The second test that day was the speed test. I selected the section of road between Amherst Alley and Mass Ave as the trial space. This is a roughly half-mile section of road.

My timer showed I made the trip in approximately 1 minute and 52 seconds. This meant that my scooter maxed out at about 16 miles per hour. That's pretty slow for my tastes considering Razor Wind was estimated to run at 30 miles per hour and Razor Reloaded was to run at ~25. This is not a major issue but if I decide to address it I could change the sprocket ratios or select a new motor.

Thursday, June 6, 2013

Cambridge and Guavascooter

I made it alive to MIT. Today marks one week of life up here. One week of life walking about because my latest scooter  just came today. Discussing the name with Charles, we decided a more fitting name for it was "Guavascooter", as an extension of Melonscooter except using the guava sized SK3 motors.

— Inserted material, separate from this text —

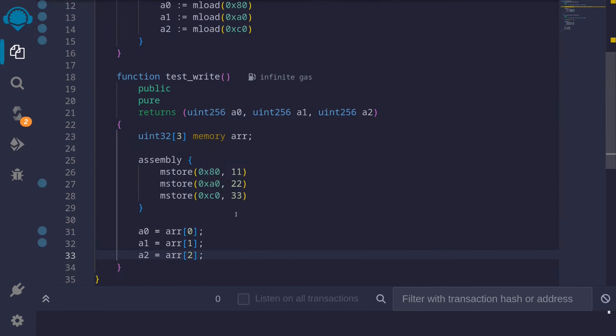In this video, I showed you an example of how fixed-sized arrays are stored in EVM memory. Even when the data type didn't need 32 bytes, each element still used up 32 bytes.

Without delay, here comes testing.



Tonight I drove this route to MITERS from my temp housing at Tang. Its about 1.68 miles as indicated by the picture above.

This route expended 1967mAh of battery capacity. From a 6900mAh pack, this means I could run this route about three times safely assuming voltage drop does not fall below 21V (ESC cutoff).

Tomorrow, I will determine the max speed of this scooter via time trials down Vassar street. More to post later.

An additional note, I am no longer using the chatparts.ltd esc in Guavascooter. The current ESC is a elifebike esc, which Charles and I will touch on later in the coming weeks. Cheers!

Sunday, May 19, 2013

Gigarazor: The Practical Scooter (Backblogging)

About 5-6 weeks ago, I bought one of these from a fellow Georgia Tech Student.

What is it? That is a fully functional Razor E300 electric scooter. I bought it with the intention of making it even MORE functional.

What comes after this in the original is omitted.